_Exercise details_
Exactly the lines from the opening of the data through the line containing "Set of five" should be reproduced, please, with nothing added.

_Dataset records_
____
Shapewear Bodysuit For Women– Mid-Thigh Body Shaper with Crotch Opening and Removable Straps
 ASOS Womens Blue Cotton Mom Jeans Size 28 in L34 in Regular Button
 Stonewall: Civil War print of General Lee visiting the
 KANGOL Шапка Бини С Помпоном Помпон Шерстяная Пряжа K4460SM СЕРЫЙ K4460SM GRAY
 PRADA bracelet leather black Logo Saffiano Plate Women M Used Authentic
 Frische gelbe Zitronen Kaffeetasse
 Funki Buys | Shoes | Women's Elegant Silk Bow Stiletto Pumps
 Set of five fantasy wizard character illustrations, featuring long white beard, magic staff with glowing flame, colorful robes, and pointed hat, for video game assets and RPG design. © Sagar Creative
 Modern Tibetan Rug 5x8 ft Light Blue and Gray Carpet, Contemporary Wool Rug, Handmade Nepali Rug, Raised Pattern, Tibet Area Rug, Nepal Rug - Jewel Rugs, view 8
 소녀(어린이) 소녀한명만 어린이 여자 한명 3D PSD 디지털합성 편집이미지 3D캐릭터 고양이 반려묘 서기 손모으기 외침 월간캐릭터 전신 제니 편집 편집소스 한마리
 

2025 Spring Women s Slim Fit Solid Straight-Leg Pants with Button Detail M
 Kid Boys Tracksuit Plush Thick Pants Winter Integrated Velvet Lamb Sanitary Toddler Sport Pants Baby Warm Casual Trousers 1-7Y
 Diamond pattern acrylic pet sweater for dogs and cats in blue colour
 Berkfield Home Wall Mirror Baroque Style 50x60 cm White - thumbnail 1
____
_Problem solution_
Shapewear Bodysuit For Women– Mid-Thigh Body Shaper with Crotch Opening and Removable Straps
 ASOS Womens Blue Cotton Mom Jeans Size 28 in L34 in Regular Button
 Stonewall: Civil War print of General Lee visiting the
 KANGOL Шапка Бини С Помпоном Помпон Шерстяная Пряжа K4460SM СЕРЫЙ K4460SM GRAY
 PRADA bracelet leather black Logo Saffiano Plate Women M Used Authentic
 Frische gelbe Zitronen Kaffeetasse
 Funki Buys | Shoes | Women's Elegant Silk Bow Stiletto Pumps
 Set of five fantasy wizard character illustrations, featuring long white beard, magic staff with glowing flame, colorful robes, and pointed hat, for video game assets and RPG design. © Sagar Creative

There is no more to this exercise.